RECORD SET Block Start

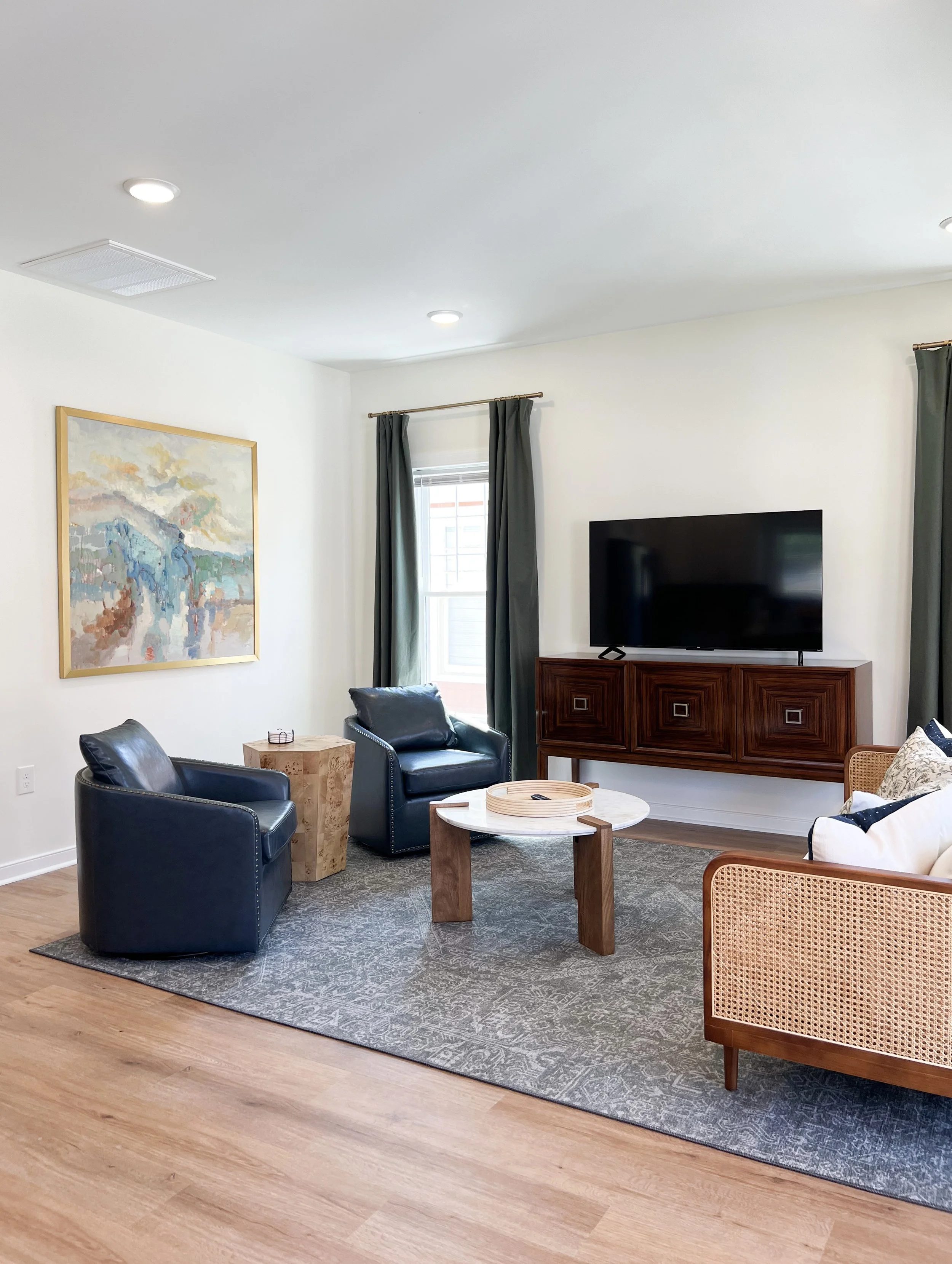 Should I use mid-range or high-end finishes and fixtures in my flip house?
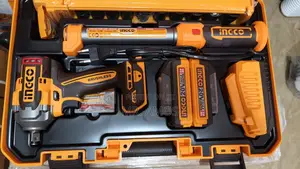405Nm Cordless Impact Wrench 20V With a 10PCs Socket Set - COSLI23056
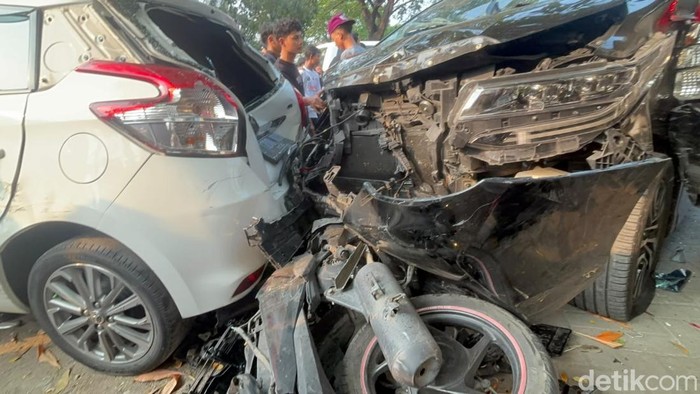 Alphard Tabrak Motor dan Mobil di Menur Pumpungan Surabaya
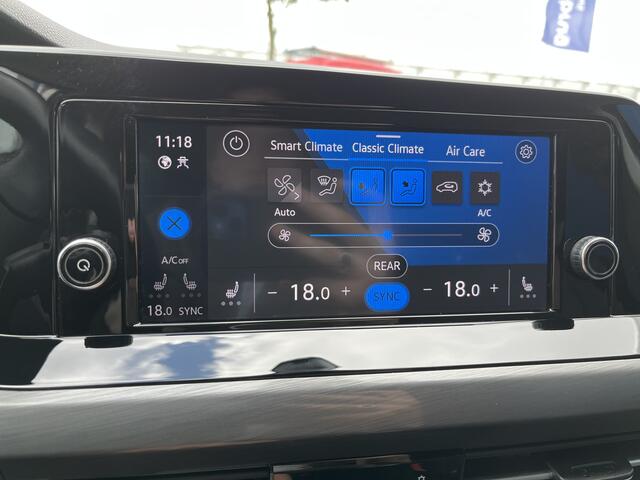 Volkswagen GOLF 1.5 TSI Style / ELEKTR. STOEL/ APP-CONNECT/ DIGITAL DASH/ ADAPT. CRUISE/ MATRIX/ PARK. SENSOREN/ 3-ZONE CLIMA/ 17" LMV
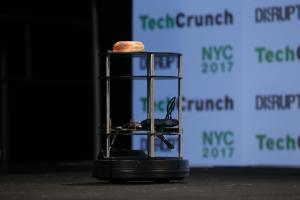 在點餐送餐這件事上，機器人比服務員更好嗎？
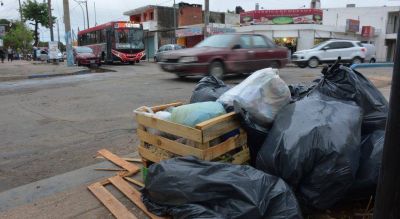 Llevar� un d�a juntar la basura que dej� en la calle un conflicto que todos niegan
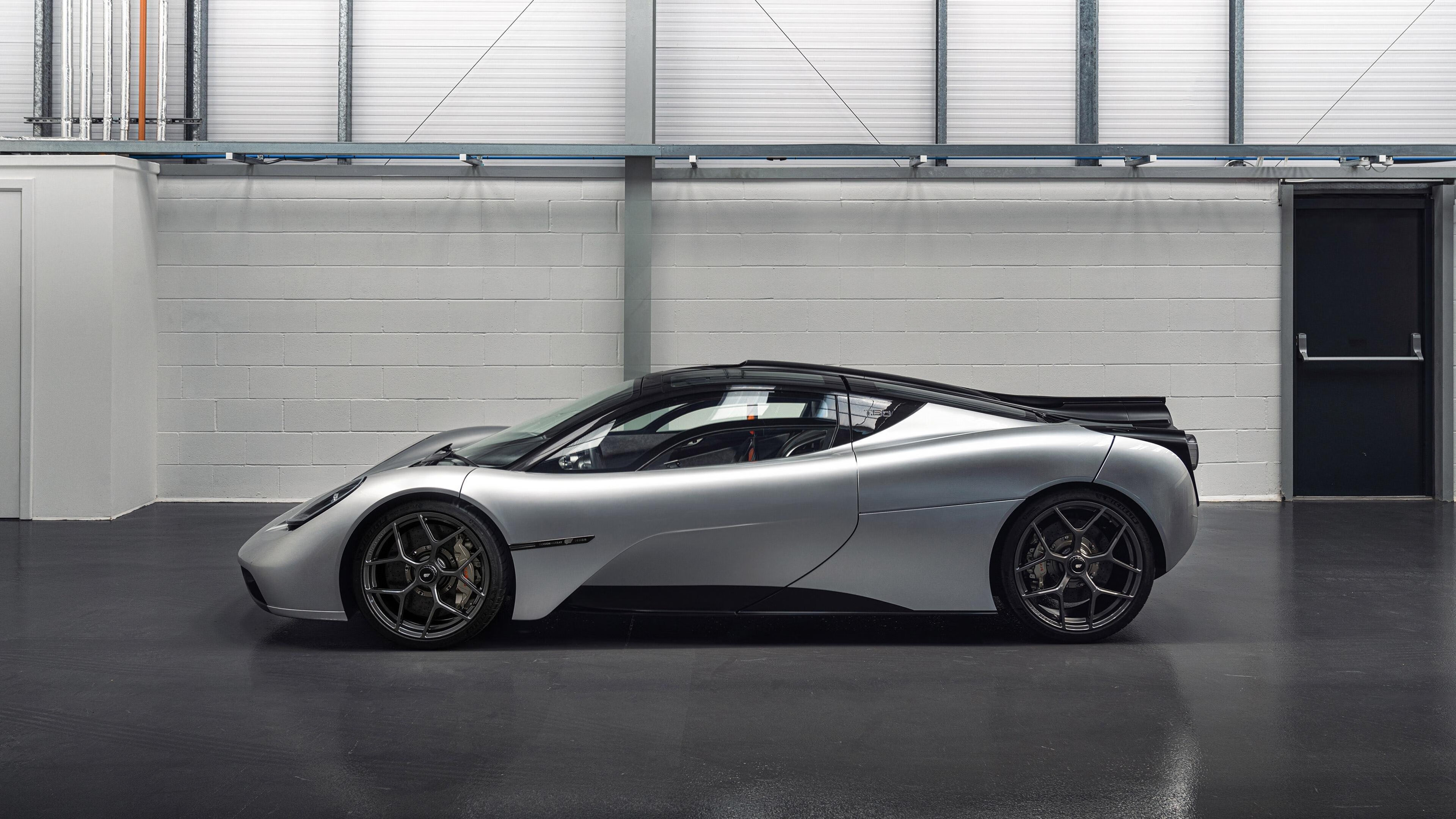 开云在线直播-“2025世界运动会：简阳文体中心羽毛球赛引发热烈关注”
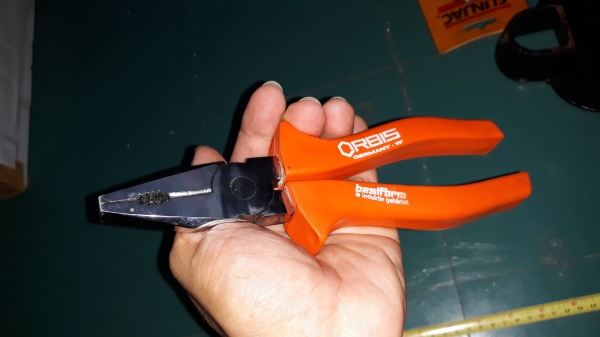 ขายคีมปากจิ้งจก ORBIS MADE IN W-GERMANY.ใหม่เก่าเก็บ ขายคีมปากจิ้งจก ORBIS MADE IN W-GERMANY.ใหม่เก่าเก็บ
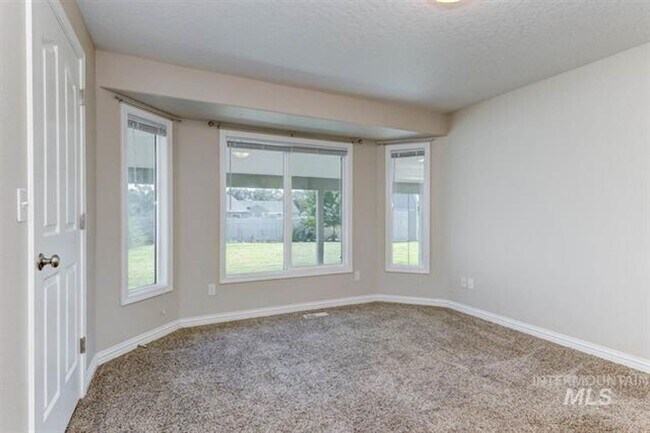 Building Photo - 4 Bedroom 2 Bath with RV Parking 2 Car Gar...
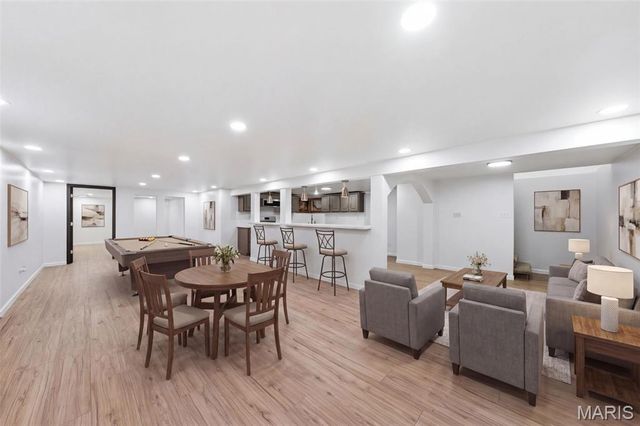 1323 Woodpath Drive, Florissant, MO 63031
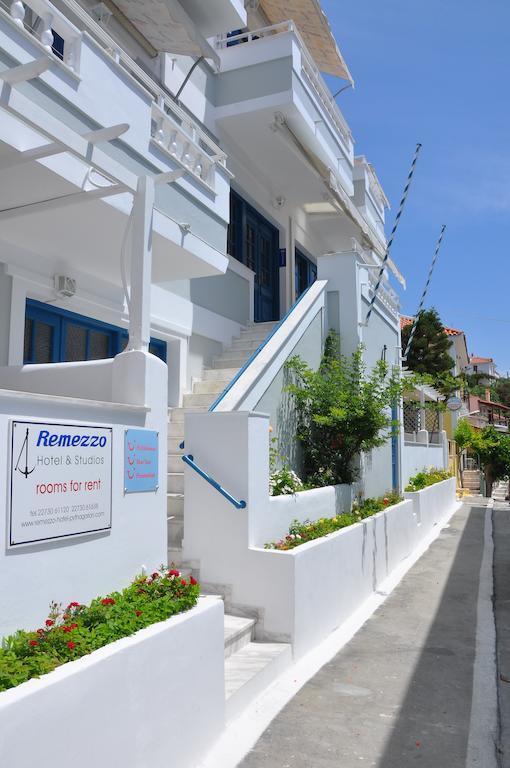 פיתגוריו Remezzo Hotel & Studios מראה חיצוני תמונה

RECORD SET Block End

▶ [DESCRIPTION OF THE TASK]: Leave out the pictures, and write out exactly the lines from the one containing "Llevar� un d�a" through the last line of the listing, both included.

▶ [SOLUTION]:
 Llevar� un d�a juntar la basura que dej� en la calle un conflicto que todos niegan
 开云在线直播-“2025世界运动会：简阳文体中心羽毛球赛引发热烈关注”
 ขายคีมปากจิ้งจก ORBIS MADE IN W-GERMANY.ใหม่เก่าเก็บ ขายคีมปากจิ้งจก ORBIS MADE IN W-GERMANY.ใหม่เก่าเก็บ
 Building Photo - 4 Bedroom 2 Bath with RV Parking 2 Car Gar...
 1323 Woodpath Drive, Florissant, MO 63031
 פיתגוריו Remezzo Hotel & Studios מראה חיצוני תמונה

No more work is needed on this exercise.